[Records from a data collection]

::::::

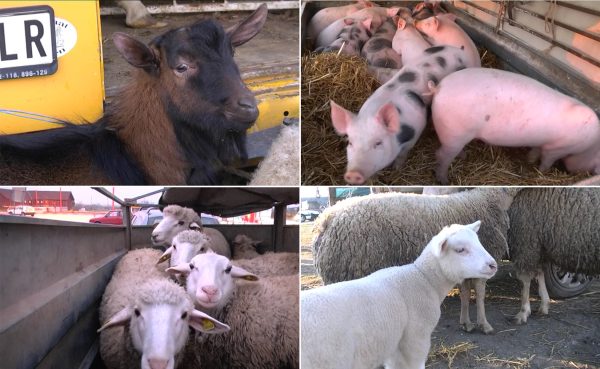 Stočna pijaca Jagodina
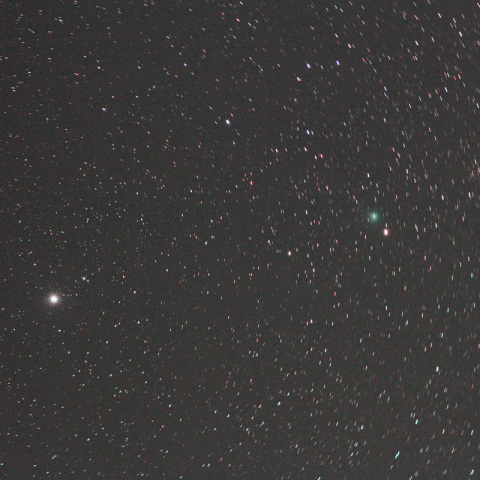 180mmによるラブジョイ彗星（固定撮影）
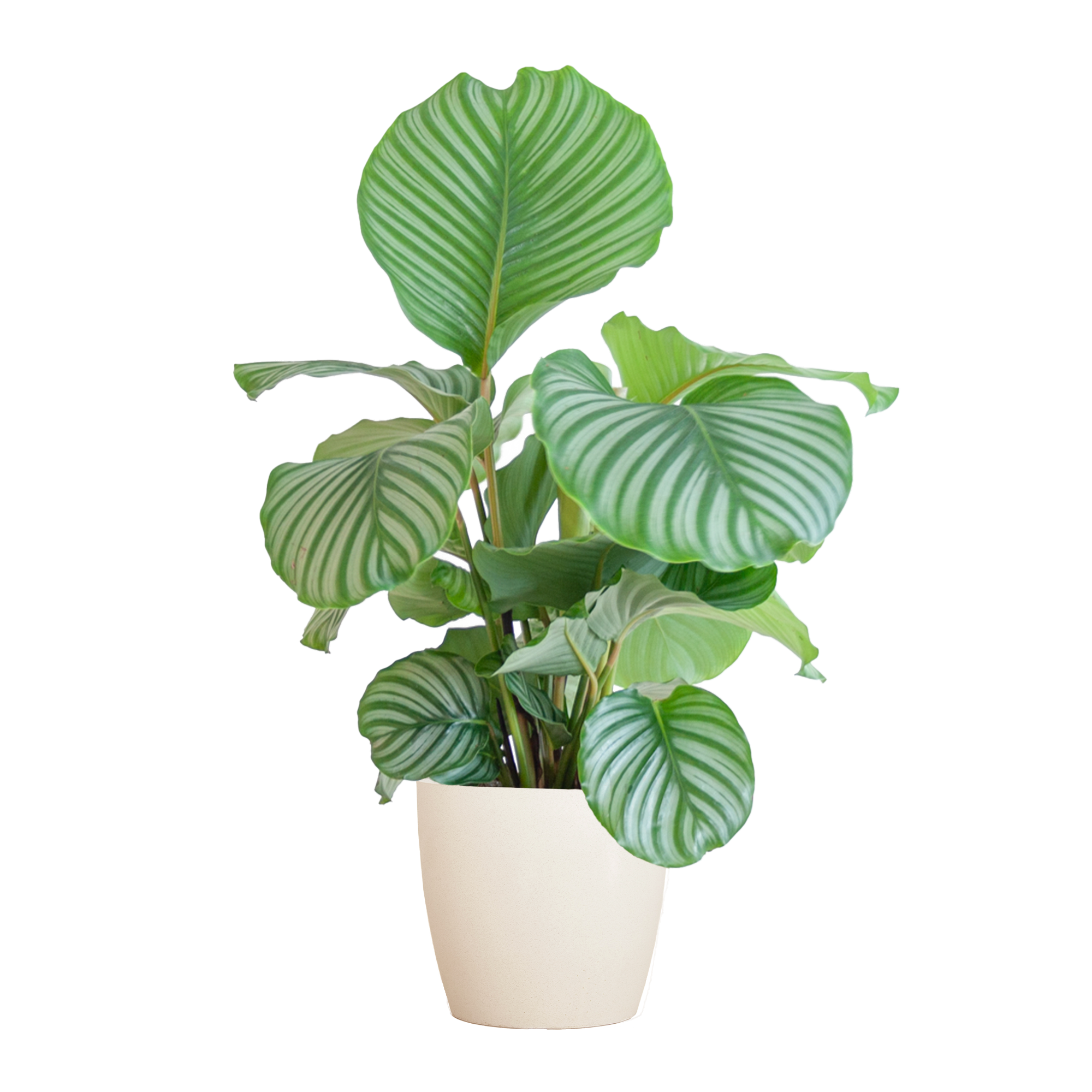 Calathea Orbifolia  mit Viber Weiß  - 65cm - Ø21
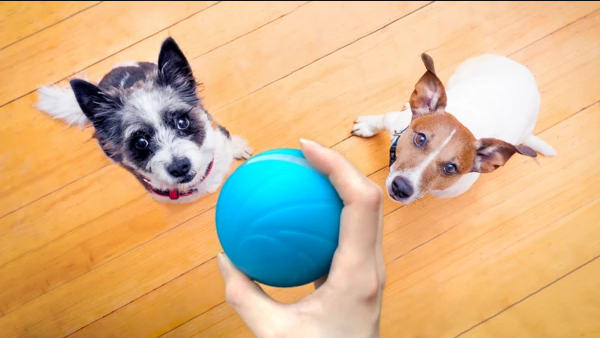 Motion Ball Smart Pet Toy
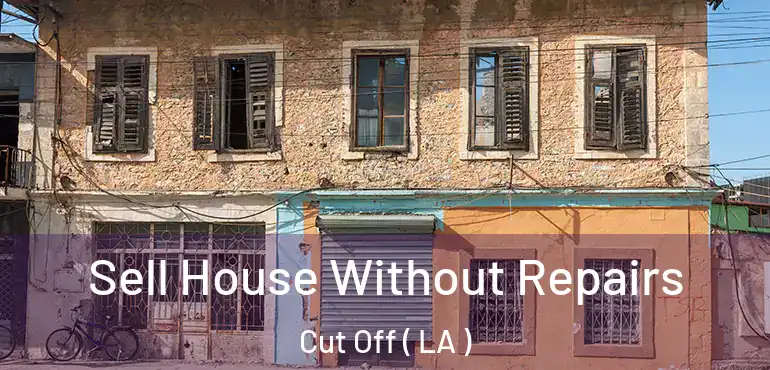  Sell House Without Repairs Cut Off ( LA )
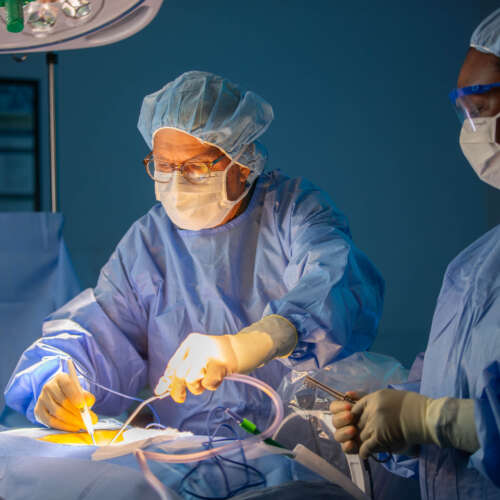 Surgery 2026 8882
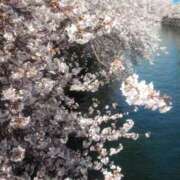 ヒメ日記 2026/04/05 06:14 投稿 二階堂ちか ウフフな40。ムフフな50。。（横浜ハレ系）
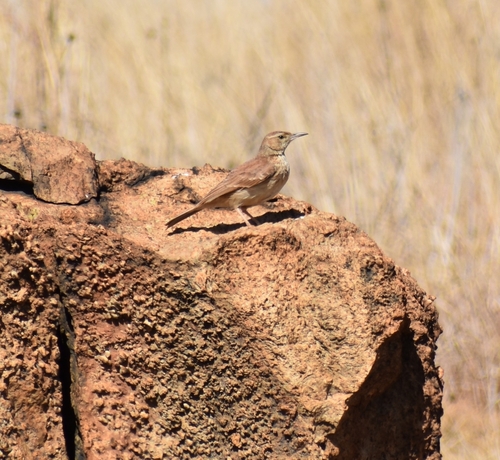 Eastern Long-billed Lark (Certhilauda semitorquata), photo 5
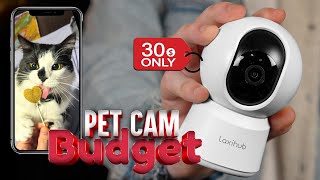 I Didn’t Expect THIS from a $30 Pet Camera… LAXIHUB P2T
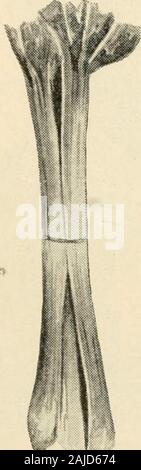 La nouvelle culture de la rhubarbe ; le guide complet de la force sombre et le champ de la culture, la façon de préparer et d'utiliser la rhubarbe . Ok tiges Victoria. voulu par canners, qui, comme le grand public, appearto la rhubarbe juge par la taille seulement. Victoria.-La norme pour la mi-saison, la récolte est VARIÉTÉS ET GARE DE TESTS. 105 l'ancienne Victoria. Il s'agit d'une semaine plus tard que Linnseusand environ une semaine plus tôt que les variétés de mannnoth.tiges sont grandes et de belle apparence. Leur couleur et isbright filjer est claire, le crisp et tendres, withplenty de jus, et le goût est excellent. La plupart peuvent-ners et vignerons pr Banque D'Images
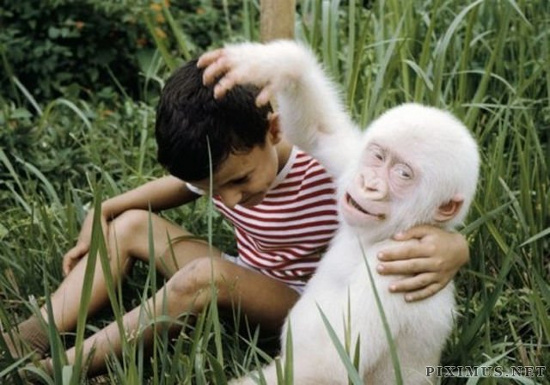 Picture 10 of The most exotic albino species
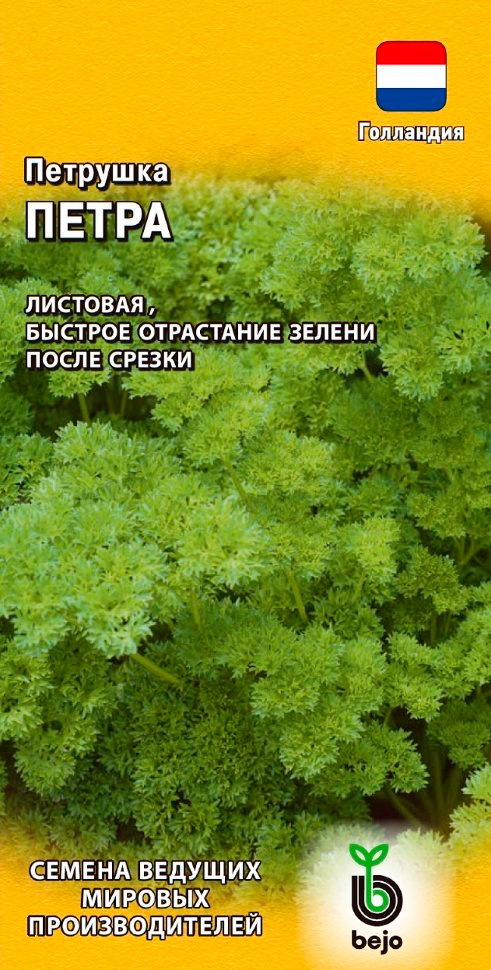 ������ ������ ������ ������ �������� �������� �����, 0,5 � Bejo Zaden   ����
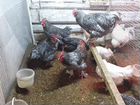 Инкубационные яйца, семьи и молодняк индюков и кур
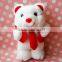Plush Toy Bear Wearing Red Vest/Soft Gift Toy Bear with Clothes/Stuffed Toy Bear in Red Vest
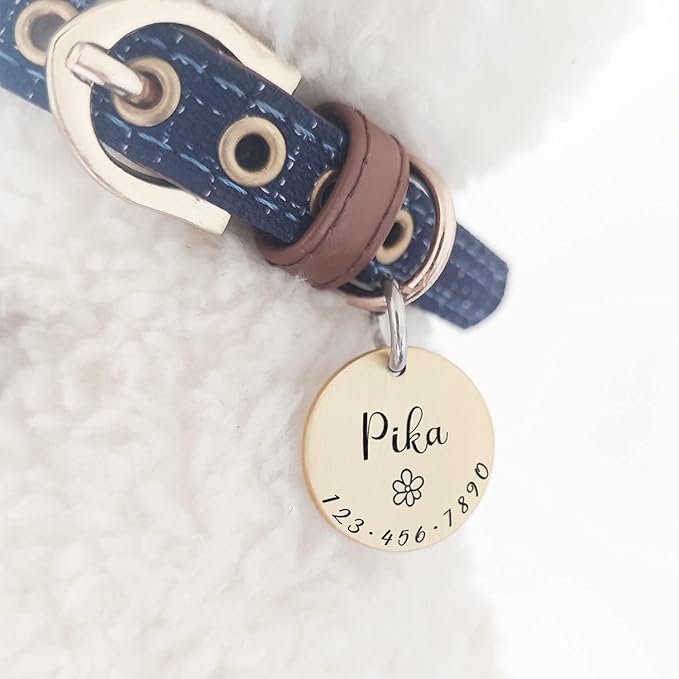 Cats Dogs ID Tags Personalized Lovely Symbols Pets Collar Name Accessories Simple Custom Engraved Products for Medium Four Legged Child Necklace Chain Anti-Lost Industrial Steel Charm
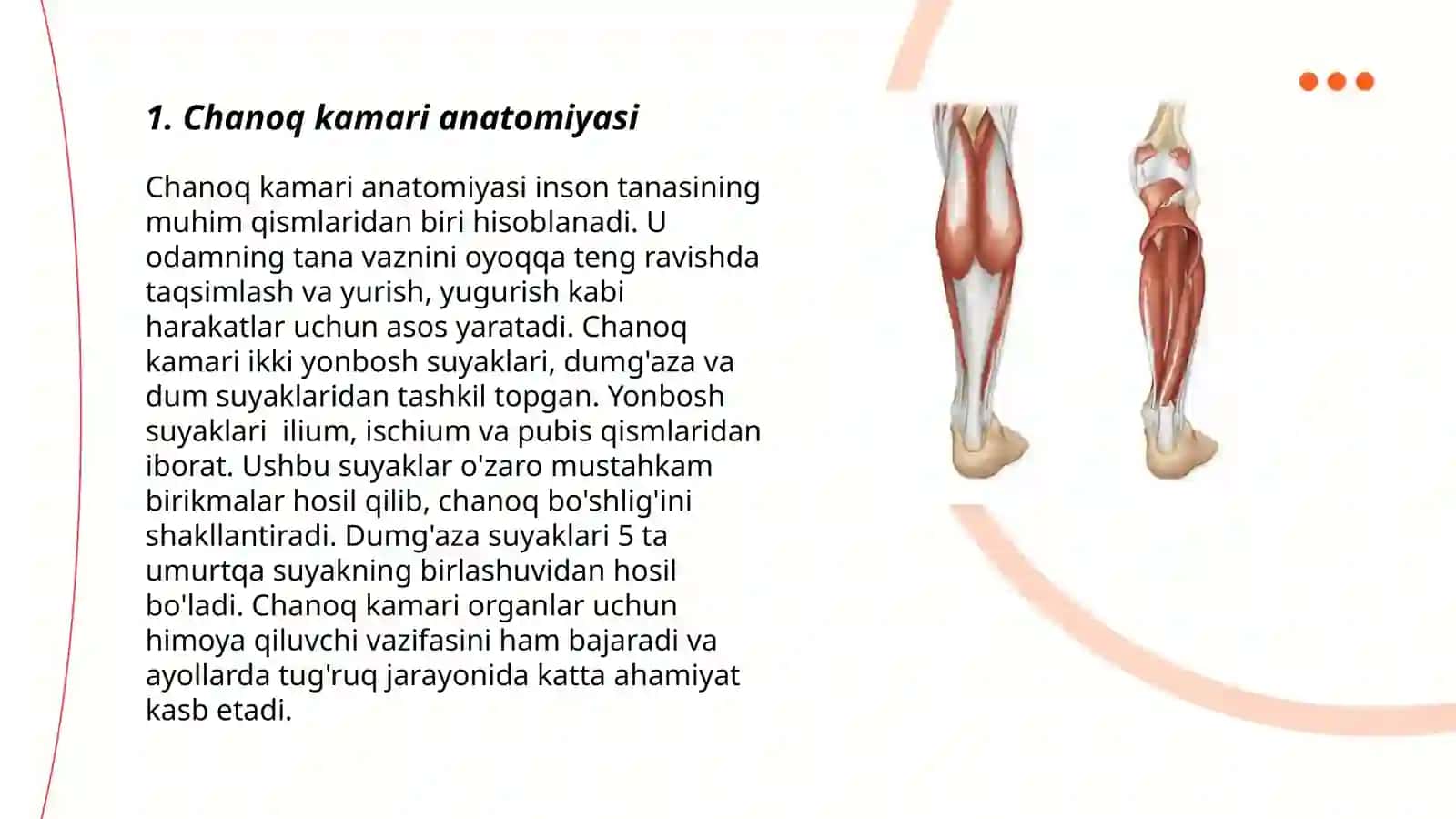 Chanoq kamari va erkin oyoq muskullari 3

::::::

§ **WORK ITEM**: If pictures appear among the records, do not carry them over; retype the rest exactly.

§ **YOUR RESPONSE**:
 Stočna pijaca Jagodina
 180mmによるラブジョイ彗星（固定撮影）
 Calathea Orbifolia  mit Viber Weiß  - 65cm - Ø21
 Motion Ball Smart Pet Toy
  Sell House Without Repairs Cut Off ( LA )
 Surgery 2026 8882
 ヒメ日記 2026/04/05 06:14 投稿 二階堂ちか ウフフな40。ムフフな50。。（横浜ハレ系）
 Eastern Long-billed Lark (Certhilauda semitorquata), photo 5
 I Didn’t Expect THIS from a $30 Pet Camera… LAXIHUB P2T
 La nouvelle culture de la rhubarbe ; le guide complet de la force sombre et le champ de la culture, la façon de préparer et d'utiliser la rhubarbe . Ok tiges Victoria. voulu par canners, qui, comme le grand public, appearto la rhubarbe juge par la taille seulement. Victoria.-La norme pour la mi-saison, la récolte est VARIÉTÉS ET GARE DE TESTS. 105 l'ancienne Victoria. Il s'agit d'une semaine plus tard que Linnseusand environ une semaine plus tôt que les variétés de mannnoth.tiges sont grandes et de belle apparence. Leur couleur et isbright filjer est claire, le crisp et tendres, withplenty de jus, et le goût est excellent. La plupart peuvent-ners et vignerons pr Banque D'Images
 Picture 10 of The most exotic albino species
 ������ ������ ������ ������ �������� �������� �����, 0,5 � Bejo Zaden   ����
 Инкубационные яйца, семьи и молодняк индюков и кур
Plush Toy Bear Wearing Red Vest/Soft Gift Toy Bear with Clothes/Stuffed Toy Bear in Red Vest
 Cats Dogs ID Tags Personalized Lovely Symbols Pets Collar Name Accessories Simple Custom Engraved Products for Medium Four Legged Child Necklace Chain Anti-Lost Industrial Steel Charm
 Chanoq kamari va erkin oyoq muskullari 3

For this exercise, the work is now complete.